▸ **Problem details**
In the material below, the required lines run from the one containing "Nordlux - Екстериорна" through the one containing "4811 General Bragg". Copy those lines exactly, ends included, and nothing else.

▸ **Data provided**

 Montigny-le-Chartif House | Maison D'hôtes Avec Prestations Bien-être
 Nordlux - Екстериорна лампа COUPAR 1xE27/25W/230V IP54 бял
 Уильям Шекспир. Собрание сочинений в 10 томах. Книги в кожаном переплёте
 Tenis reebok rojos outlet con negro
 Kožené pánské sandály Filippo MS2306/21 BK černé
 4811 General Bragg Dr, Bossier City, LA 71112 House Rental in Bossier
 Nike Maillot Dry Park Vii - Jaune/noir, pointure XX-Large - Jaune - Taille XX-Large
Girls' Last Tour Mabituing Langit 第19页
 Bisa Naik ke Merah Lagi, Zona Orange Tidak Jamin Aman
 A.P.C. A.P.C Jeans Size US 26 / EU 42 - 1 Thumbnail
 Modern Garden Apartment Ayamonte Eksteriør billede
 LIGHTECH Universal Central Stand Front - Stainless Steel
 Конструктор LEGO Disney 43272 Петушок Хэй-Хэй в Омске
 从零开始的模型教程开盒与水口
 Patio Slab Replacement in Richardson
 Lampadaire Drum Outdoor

▸ **Response to this task**
 Nordlux - Екстериорна лампа COUPAR 1xE27/25W/230V IP54 бял
 Уильям Шекспир. Собрание сочинений в 10 томах. Книги в кожаном переплёте
 Tenis reebok rojos outlet con negro
 Kožené pánské sandály Filippo MS2306/21 BK černé
 4811 General Bragg Dr, Bossier City, LA 71112 House Rental in Bossier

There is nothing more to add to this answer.